Впрочем, у Баратынского были и чисто личные причины «ржать и биться» – ведь по воле Пушкина и при его, Баратынского, активном содействии Катенин пристрелил его в 6 главе другого романа, в стихах, так что ждать «отложенного выстрела» у него были все основания. Можно представить себе его восторг уже при виде системы эпиграфов к «побасенкам» – уж ему-то они рассказали о многом…
«Все это значило, друзья»: Баратынский располагал необходимыми для прочтения «Повестей Белкина» контекстами истории литературы, которые в принципе постижимы для сознания любого из нас, но недоступны для большинства в силу того, что, начиная с 1937 года, официальной пушкинистикой эти контексты тщательно выводятся из поля нашего зрения. Об отношении к этому вопросу со стороны высшего пушкиноведческого эшелона через шестьдесят лет после знаменитого юбилея читатель узнает в конце книги.

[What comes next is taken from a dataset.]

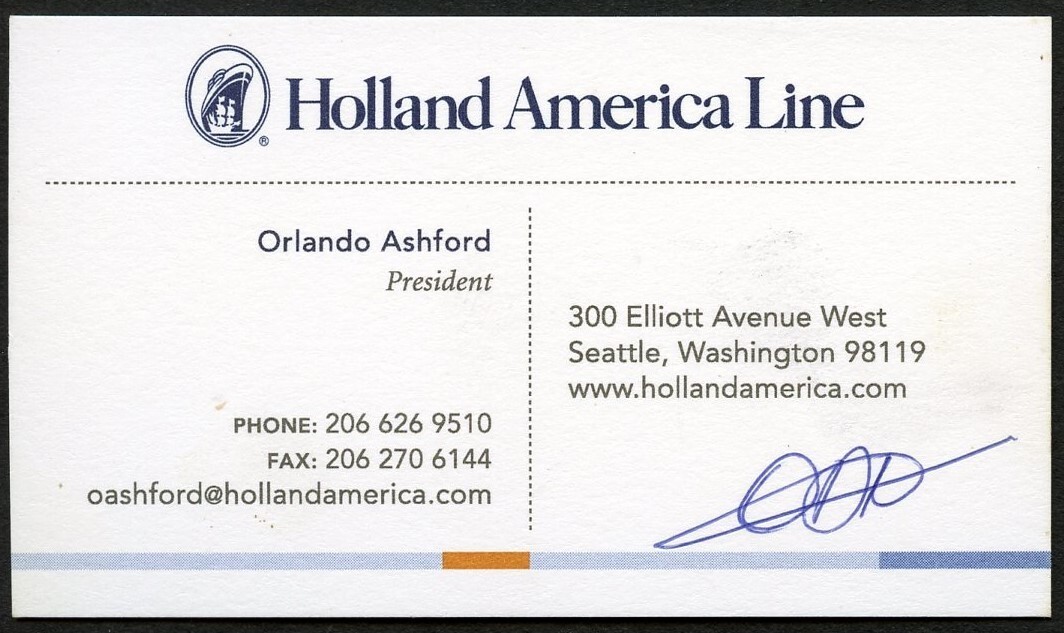Orlando Ashford signed auto President Holland America Line Business Card BC103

И вот случай с Баратынским, кажется, дает надежду на то, что для массового читателя логические выкладки при чтении произведений Пушкина все же не потребуются. Увы, только лишь надежду, и не более того. Потому что…
…Потому что эстетический объект, по поводу которого «ржал» Баратынский, вовсе не тот объект, который мы ожидаем увидеть в подлинно художественном романе. Это – композиция в ее чистейшем виде, точно такой же эстетический объект, который обнаруживается в шахматной комбинации или в хитроумном решении математической задачи. Является ли такой вид эстетического объекта в чем-то ущербным? Отнюдь – но только в шахматной партии да в математике. Возможно, в преферансе, когда нам удается психологически перехитрить партнера и подловить его на мизере. Но не в художественной литературе. В подлинно художественном произведении, для того, чтобы мы вжились в сюжет и воспринимали его как объективную реальность, композиция должна быть невидима, она должна восприниматься нами только на уровне подсознания. Любые композиционные «швы», детали скелета должны быть надежно скрыты от читателя, и умение добиться этого, видимо, и отличает подлинного художника от графомана.
Почему Пушкин «хлопал в ладоши» и кричал: «Ай да Пушкин! Ай да […]!»? Почему причина его радости была понятной Вяземскому уже из намека? Потому что эстетическим объектом в данном случае явились «уши юродивого», наличие скрытой композиции, превращавшей драму в роман-мениппею, а ее демонстративно ущербную строфику – в высокохудожественное средство в рамках этого романа. Для Вяземского и ближайшего круга посвященных в секрет «Годунова» авторская фабула этого романа и его внешняя композиция были ясны из контекста литературной жизни: они знали, что изображенный в виде подлого Тартюфа Пушкин не простит своему «приятелю» ни его комедии, ни того аншлага, с которым она шла в Петербурге, ни факта ее издания в виде отдельной книги. То есть, для друзей Пушкина эстетическим объектом и в этом случае явилась композиция в ее чистейшем виде; но эти друзья и не ожидали иной художественности от романа «Борис Годунов», они восхищались исполнением пародийных элементов, превращавших этот роман в эпиграмму. Именно в эпиграмму, а не в роман. Это не для них, а для нас, непосвященных, Пушкин написал отдельную авторскую фабулу романа «Борис Годунов», назвав ее «Домик в Коломне», и только уже в совокупности с «Домиком» мы можем, наконец, выявить сатирический замысел самого «Годунова».